The Effective Parenting Tactic I’m Quitting

I wouldn’t wear that. The other kids will make fun of you.

Your friend pays attention in class. Why can’t you?

Potty training shouldn’t take this long. Your brother had no accidents by the time he was your age.

Shaming kids into modifying their behavior by comparing them to other children works. I know because I’ve done it countless times, usually without realizing what I was doing. The realizations only came later when I reflected on the situations. Shame is a shameful word. Shame is something “bad” parents do. Shame is what all the progressive parenting articles tell you not to do to your kid. And we convince ourselves that we don’t shame our kids. That we wouldn’t.

But I think shaming is sometimes more subtle than telling our kids they’re not good enough, or publicly humiliating them. By its very definition, to shame is to make someone feel ashamed or inadequate by outdoing or surpassing them. Comparing kids to each other is letting another kid outdo or surpass our kid. It doesn’t have to be that way. Our kids can just be and exist without being put up against their peers more than they already are just by attending school, daycare or even play dates.

Comparing our kids to their peers is a parenting tactic that works, but I can’t quit it fast enough. I’ve committed to avoiding comparing my kids to others whenever possible. Don’t get me wrong. I want to ensure my kids are in a healthy place compared to other kids on the growth charts. I want my kids to be on track for their grade in school. I want my kids to be behaving and developing in an age-appropriate way. And that’s where I want the comparisons to end.

I’ve always been a person who “beats to my own drum” as my mom says. She spent much of my childhood fighting the urge to stifle my crazy impulses because she feared I’d be teased. I didn’t play with Barbies as a kid. That would be too normal. I preferred to hold the doll in front of me and run around the house, fantasizing about Barbie’s beach picnic with Ken. In the absence of dolls at school in my early elementary years, I found that two fingers held up upside down peace sign-style made a nice substitute for Barbie legs. So, I ran around the schoolyard with two fingers in front of my face.

Not exactly the cool kid recipe. Still, my mom wisely held her tongue. Occasionally she’d ask me, “are you sure you want to do that?” Oh, I was sure.

I owned my weirdness and dragged my classmates on board with me. I once convinced nearly all the girls in my first-grade class, including myself, that there were little invisible fairies we could keep in our desks.

When I graduated from junior high school, everyone else wore a slightly nicer version of regular school clothes. I wore a mothereffing evening gown, my flat chest stuffed with bikini top pads. My mom later told me my decision pained her, but to her credit, she did little to dissuade me. Because I was allowed to be myself, I’m not easily humiliated to this day. I’m generally confident and accepting of the differences in others. I speak up when I see someone being mistreated. I’m also grateful to my mom for not pressuring me to conform, even though she herself likes to fly under the radar and doesn’t like drawing attention.

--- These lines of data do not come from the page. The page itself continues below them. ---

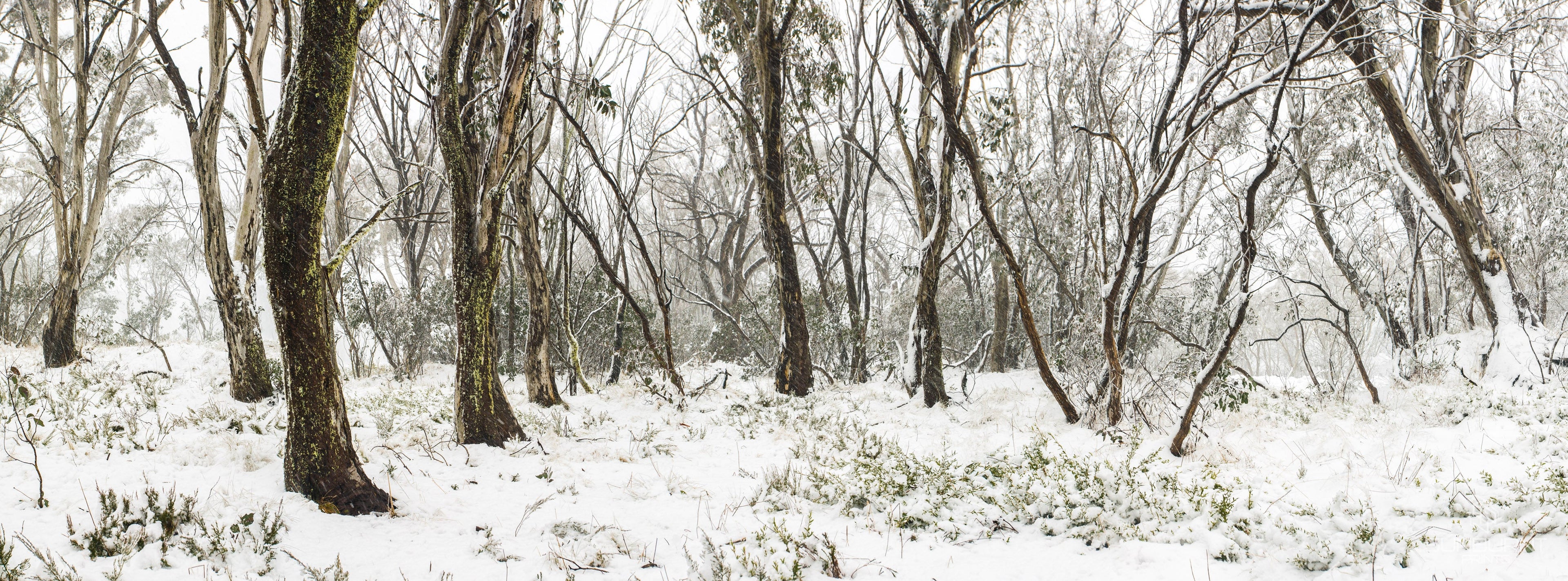 Snow Gums in Winter — Finding Balance Between Fatherhood and Creation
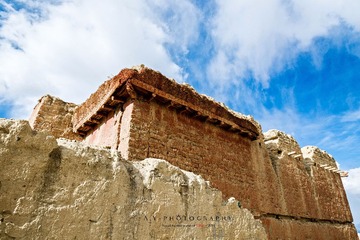 _DSC0444
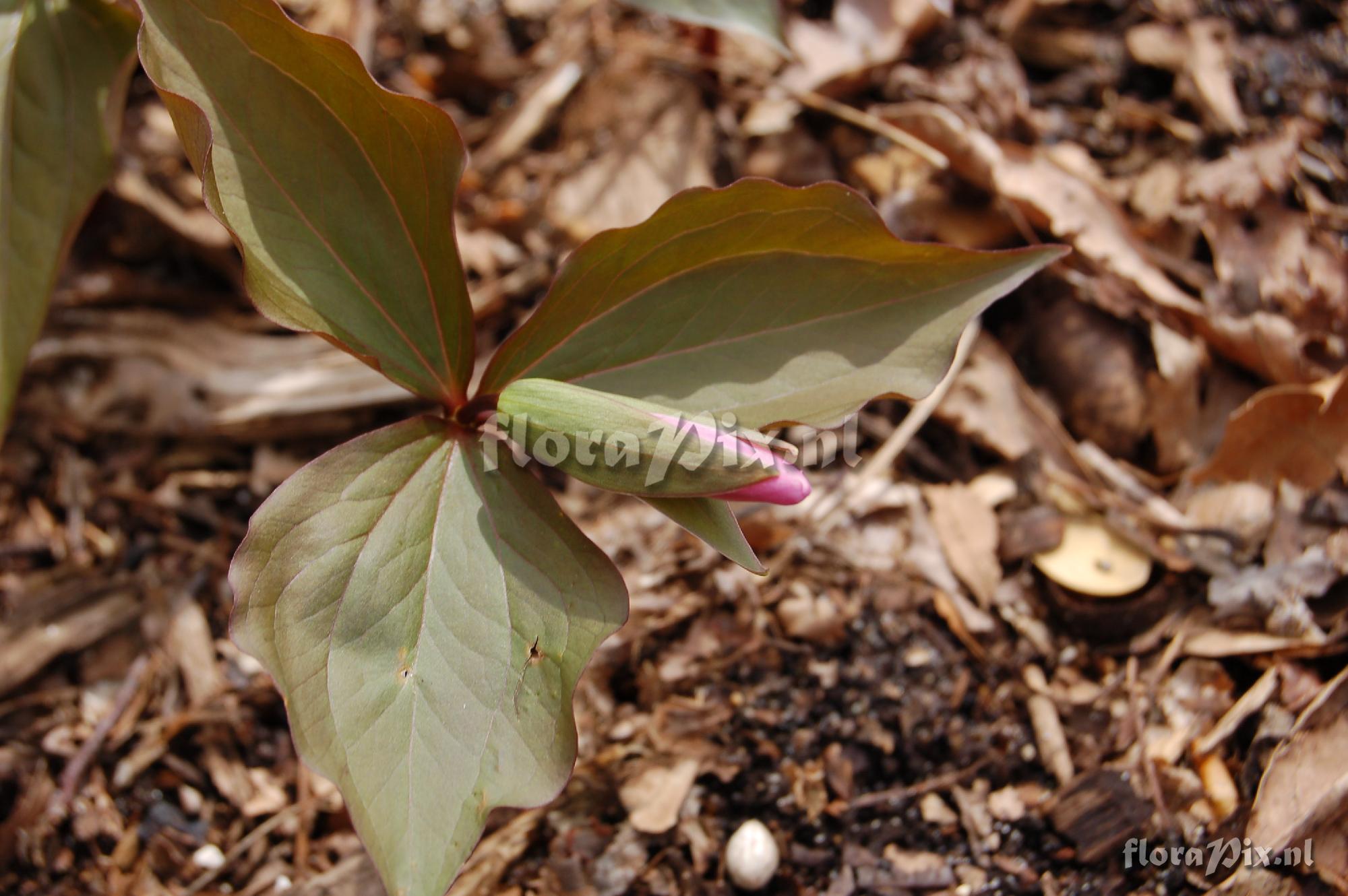 Trillium grandiflorum roseum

When I became a parent myself, first to a boy and then four years later to a girl, I was determined to let them forge their own paths as I had done. It was a task easier said than done. It’s in a parent’s nature to worry about our kids. Conforming and blending in is safe. Standing out and being different is risky.

My son gave me no reason to worry academically. He was early to talk. Obsessed with science practically since he could walk. He’s charming. A social butterfly.

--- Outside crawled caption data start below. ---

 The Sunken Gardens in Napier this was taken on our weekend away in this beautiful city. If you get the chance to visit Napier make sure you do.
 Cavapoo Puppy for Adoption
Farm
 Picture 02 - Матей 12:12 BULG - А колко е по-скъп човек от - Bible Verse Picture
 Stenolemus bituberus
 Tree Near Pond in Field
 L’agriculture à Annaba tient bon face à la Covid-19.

But developmentally, he lagged a little in some areas. Potty training didn’t come easily to him. He was well into his third year before he was fully trained. His peers at daycare were all ahead of him in the potty department. I became frustrated. “All your friends are going potty. Why aren’t you?”I asked him, loathing the words even as they came out of my mouth.

He had no answer, but I did. He wasn’t potty trained because he wasn’t those other kids. He was my awesome son, who was taking a little longer to potty train than his classmates.

Later, my husband and I would argue with our son over his temper tantrums in school. (I always behaved in school. Why can’t you?) We tried to bribe him to be like the other kids and style his hair.

When our daughter grew into a whiny toddler, we desperately tried to curb her incessant complaining. (No one else is crying. You need to stop.)

The comparison tactic might have worked in the short term for our kids, but never had lasting effects.

My son began to resent us telling him how to do his hair. My daughter was no less upset the next day by yesterday’s pleas to stop fussing.

At the core, kids are who they are, and no amount of bribery or comparing will change that.

If our kids’ behavior needs to be modified, it’s because the change will benefit them and those around them, not because the cool kids are doing something else.

Besides, the real coolest kids are the ones who march to their own beat.